Pastinya stigma tersebut harus dihilangkan karena akhirnya akan membuat orang yang mengalami gangguan jiwa menjadi tidak mau meminta bantuan lantaran merasa malu dirinya mengalami masalah kejiwaan.
Kenali Faktor Pemicu
Menurut staf pengajar Bagian Psikiatri FK UKRIDA Jakarta ini, beberapa studi mengatakan, wanita lebih rentan mengalami sakit mental ketimbang pria.
Ya, ternyata wanita lebih sering mengalami depresi. Prevalensi atau angka kejadiannya memang bisa dua kali lipat dibandingkan pria.
Ada banyak faktor yang memengaruhi wanita lebih banyak mengalami depresi, di antaranya adalah:
• Faktor Hormonal
Sama seperti pada riset di Barat, wanita Indonesia juga sangat terganggu dengan siklus hormonal bulanan yang sering berbarengan dengan timbulnya perubahan mood atau suasana perasaan yang tidak nyaman.
Kaum hawa biasanya mengalami kondisi tidak nyaman menjelang dan selama haid.
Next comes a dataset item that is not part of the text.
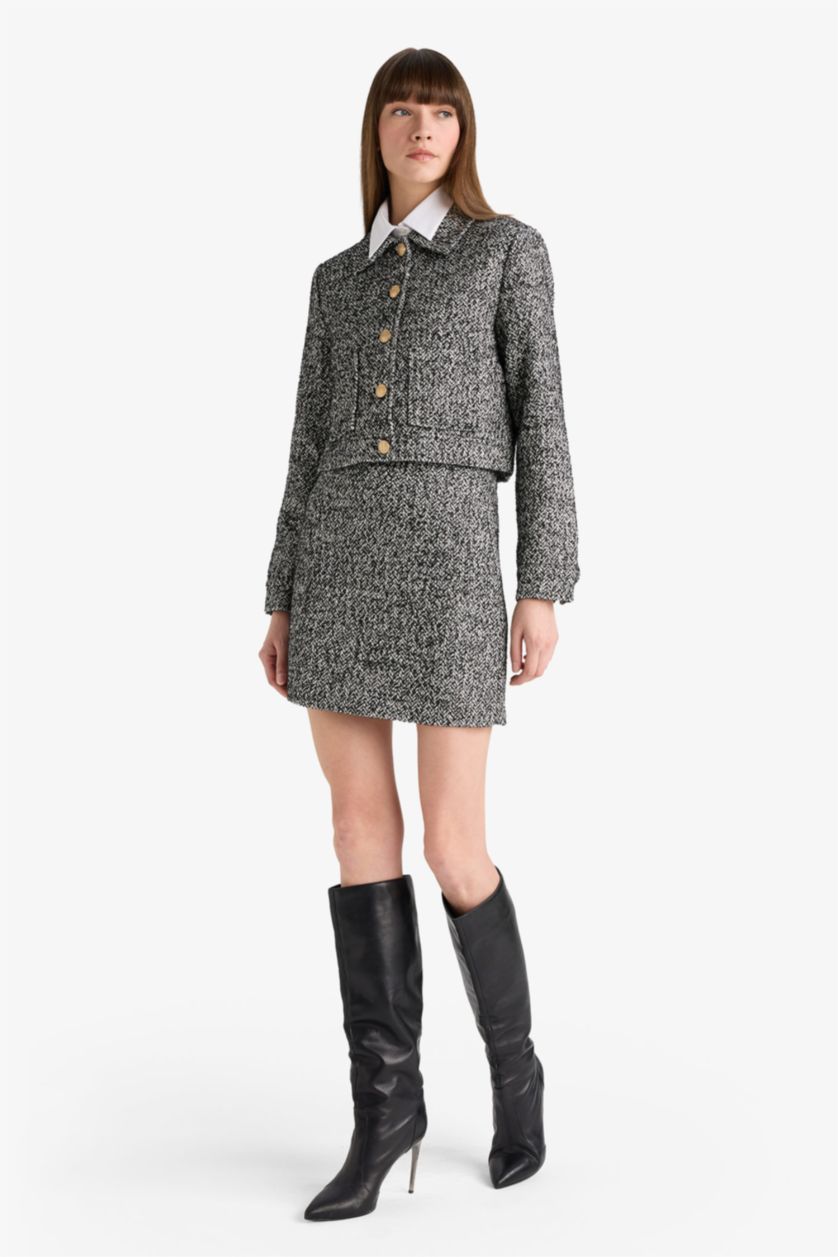 Әйелдерге қара a сызығы толық астар Тоқылған юбка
Secara statistik di masa kehidupannya sejak fase pertama kali menstruasi sampai nanti setelah menopause akan cukup sering mengalami masalah mood terkait dengan fluktuatif hormonal.
Maka jangan heran dikenalistilah Pre Menstrual Syndrome dan Pre Menstrual Dysphoric Disorder. Ada juga depresi saat kehamilan dan pascapersalinan, serta masalah psikologis terkait menopause dan sebelum menopause.
Terkait hal tersebut, pada kriteria diagnosis gangguan jiwa dari Amerika Serikat yang terbit Mei 2013 lalu, gangguan suasana perasaan akibat menstruasi (Pre Menstrual Disforik Disorder/PMDD) dimasukkan ke dalam kelompok depresi.
Lantaran itu, perempuan perlu beradaptasi dengan kondisi yang menyertai saat haid. Pasalnya, walaupun itu normal, tapi sering menimbulkan masalah atau perubahaan pada suasana perasaan menjadi tak nyaman.
• Tuntutan Peran
Peran wanita, apalagi yang menikah, sangatlah kompleks. Wanita harus menjadi istri, ibu buat anak, dan bahkan kadang "ibu" buat suaminya.
Belum lagi sebagai wanita berkarier dituntut oleh bidang pekerjaannya. Wanita juga seringkali menjadi orang yang diharapkan oleh keluarga untuk membantu.
Kompleksitas peran ini membuat wanita rentan stres karena tekanan kehidupan setiap hari dengan berbagai macam bentuk.
Untuk membantu mengatasi permasalahan ini tentu penerimaan terhadap peran dan tuntutan ini penting sekali.
• Konflik Rumah Tangga
Banyak kasus yang terkait dengan konflik rumah tangga dan yang paling sering adalah perselingkuhan suami.
Terkadang hal ini ditambah dengan sikap sebagian masyarakat di sekitar lingkungan wanita itu yang memaklumi perselingkuhan suami. Ini semakin menjadi beban yang berat bagi wanita karena merasa diperlakukan tidak adil.
•Anak bermasalah
Anak seringkali menjadi pemicu stres orangtua, terutama ibu. Wanita dalam rumah tangga seringkali diberikan tugas lebih banyak dalam mengurus anak.
Karena itu, wanita seringkali lebih rentan terhadap stres, terutama dalam menghadapi anaknya yang bermasalah.
Peran suami dalam kondisi ini diharapkan dapat lebih membantu sehingga peran istri menjadi lebih mudah.